Persist NetworkGraph on removal of stale channels #1376

jurvis · 2022-03-22T03:24:33Z

This PR addresses issue #1191. I borrowed mostly the same ideas from persisting ChannelManager, except instead of throwing an exception on error, I do a log_error! instead to mirror the non-terminal behavior in ldk-sample.

I'm also not sure if we want to be calling persist_network_graph at the same time as persist_manager, but I couldn't figure out how else to test it, since the prune block only gets called after 60 seconds. Let me know if there are any ideas here.

codecov-commenter · 2022-03-22T03:51:40Z

Codecov Report

Merging #1376 (df2e60d) into main (c244c78) will increase coverage by 0.06%.
The diff coverage is 96.82%.

@@            Coverage Diff             @@
##             main    #1376      +/-   ##
==========================================
+ Coverage   90.73%   90.80%   +0.06%     
==========================================
  Files          73       73              
  Lines       40808    41241     +433     
  Branches    40808    41241     +433     
==========================================
+ Hits        37027    37447     +420     
- Misses       3781     3794      +13

Impacted Files	Coverage Δ
lightning-background-processor/src/lib.rs	`95.20% <96.42%> (+2.09%)`	⬆️
lightning-persister/src/lib.rs	`93.93% <100.00%> (+0.33%)`	⬆️
lightning/src/util/config.rs	`45.83% <0.00%> (-0.98%)`	⬇️
lightning/src/ln/channel.rs	`88.29% <0.00%> (-0.92%)`	⬇️
lightning-net-tokio/src/lib.rs	`75.88% <0.00%> (-0.81%)`	⬇️
lightning/src/debug_sync.rs	`94.79% <0.00%> (-0.27%)`	⬇️
lightning/src/routing/scoring.rs	`94.04% <0.00%> (-0.26%)`	⬇️
lightning-invoice/src/de.rs	`81.06% <0.00%> (-0.21%)`	⬇️
lightning/src/ln/channelmanager.rs	`84.74% <0.00%> (-0.04%)`	⬇️
lightning/src/ln/functional_tests.rs	`97.06% <0.00%> (-0.03%)`	⬇️
... and 16 more

Continue to review full report at Codecov.

Legend - Click here to learn more
Δ = absolute <relative> (impact), ø = not affected, ? = missing data
Powered by Codecov.
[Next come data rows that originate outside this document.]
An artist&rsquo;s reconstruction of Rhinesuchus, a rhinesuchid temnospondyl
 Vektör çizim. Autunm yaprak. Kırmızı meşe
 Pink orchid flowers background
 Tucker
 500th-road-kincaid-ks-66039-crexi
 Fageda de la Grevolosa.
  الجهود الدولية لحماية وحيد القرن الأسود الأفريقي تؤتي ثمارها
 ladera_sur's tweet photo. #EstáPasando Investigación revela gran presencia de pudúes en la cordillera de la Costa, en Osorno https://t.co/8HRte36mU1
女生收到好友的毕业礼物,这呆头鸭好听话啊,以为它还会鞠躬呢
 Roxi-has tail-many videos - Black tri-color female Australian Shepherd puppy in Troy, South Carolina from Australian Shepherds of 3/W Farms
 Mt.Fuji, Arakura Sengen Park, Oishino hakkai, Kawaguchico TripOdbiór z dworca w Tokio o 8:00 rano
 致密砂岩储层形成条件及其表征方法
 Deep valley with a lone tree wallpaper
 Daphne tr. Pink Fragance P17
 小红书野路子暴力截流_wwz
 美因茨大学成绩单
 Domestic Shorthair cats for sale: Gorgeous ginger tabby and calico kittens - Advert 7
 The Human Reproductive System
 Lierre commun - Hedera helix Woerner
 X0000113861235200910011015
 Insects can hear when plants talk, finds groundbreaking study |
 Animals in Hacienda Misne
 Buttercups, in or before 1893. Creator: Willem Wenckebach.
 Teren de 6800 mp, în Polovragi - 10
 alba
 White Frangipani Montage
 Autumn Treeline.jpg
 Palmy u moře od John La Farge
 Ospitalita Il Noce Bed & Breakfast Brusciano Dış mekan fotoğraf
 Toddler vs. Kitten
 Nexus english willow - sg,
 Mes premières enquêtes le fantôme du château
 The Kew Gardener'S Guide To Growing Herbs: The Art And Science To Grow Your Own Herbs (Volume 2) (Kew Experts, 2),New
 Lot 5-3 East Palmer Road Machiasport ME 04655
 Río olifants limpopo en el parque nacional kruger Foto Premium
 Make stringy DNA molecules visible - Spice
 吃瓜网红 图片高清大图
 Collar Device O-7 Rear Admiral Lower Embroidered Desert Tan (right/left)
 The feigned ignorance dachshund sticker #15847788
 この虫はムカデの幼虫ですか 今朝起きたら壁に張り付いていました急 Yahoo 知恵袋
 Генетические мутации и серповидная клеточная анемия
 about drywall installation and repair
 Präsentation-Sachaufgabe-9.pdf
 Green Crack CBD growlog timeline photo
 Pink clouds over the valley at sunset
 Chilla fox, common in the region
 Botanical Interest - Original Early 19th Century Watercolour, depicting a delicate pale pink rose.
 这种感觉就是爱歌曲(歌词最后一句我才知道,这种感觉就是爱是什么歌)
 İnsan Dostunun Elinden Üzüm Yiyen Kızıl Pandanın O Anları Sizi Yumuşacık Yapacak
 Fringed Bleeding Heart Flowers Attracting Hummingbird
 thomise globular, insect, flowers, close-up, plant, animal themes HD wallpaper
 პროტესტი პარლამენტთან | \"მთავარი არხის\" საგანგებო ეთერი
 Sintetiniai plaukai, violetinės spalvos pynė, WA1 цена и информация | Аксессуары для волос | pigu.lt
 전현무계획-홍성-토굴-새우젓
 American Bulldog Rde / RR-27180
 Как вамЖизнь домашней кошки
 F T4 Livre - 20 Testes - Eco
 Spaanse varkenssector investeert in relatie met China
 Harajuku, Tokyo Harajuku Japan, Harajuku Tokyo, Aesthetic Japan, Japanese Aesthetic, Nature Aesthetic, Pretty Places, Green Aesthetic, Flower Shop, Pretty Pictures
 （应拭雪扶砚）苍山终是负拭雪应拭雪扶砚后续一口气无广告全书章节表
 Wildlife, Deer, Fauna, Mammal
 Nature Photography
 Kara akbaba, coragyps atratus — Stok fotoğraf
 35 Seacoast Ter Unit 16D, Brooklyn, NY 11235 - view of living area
Last update c244c78...df2e60d. Read the comment docs.

TheBlueMatt

Thanks! Looks pretty good at first glance.

TheBlueMatt · 2022-03-22T04:14:23Z

lightning-background-processor/src/lib.rs

@@ -277,6 +303,9 @@ impl BackgroundProcessor {
 					if let Some(ref handler) = net_graph_msg_handler {
 						log_trace!(logger, "Pruning network graph of stale entries");
 						handler.network_graph().remove_stale_channels();
+						if network_graph_persister.persist_graph(handler.network_graph()).is_err() {
+							log_warn!(logger, "Warning: Failed to persist network graph, check your disk and permissions");


Probably log_error, I think, instead.

TheBlueMatt · 2022-03-22T04:15:09Z

lightning-background-processor/src/lib.rs

-					persister.persist_manager(&*channel_manager)?;
+					channel_manager_persister.persist_manager(&*channel_manager)?;
+					if let Some(ref handler) = net_graph_msg_handler {
+						if network_graph_persister.persist_graph(handler.network_graph()).is_err() {


We definitely don't need to persist the graph here, otherwise we'll be doing it every time we have any HTLC/commitment updates.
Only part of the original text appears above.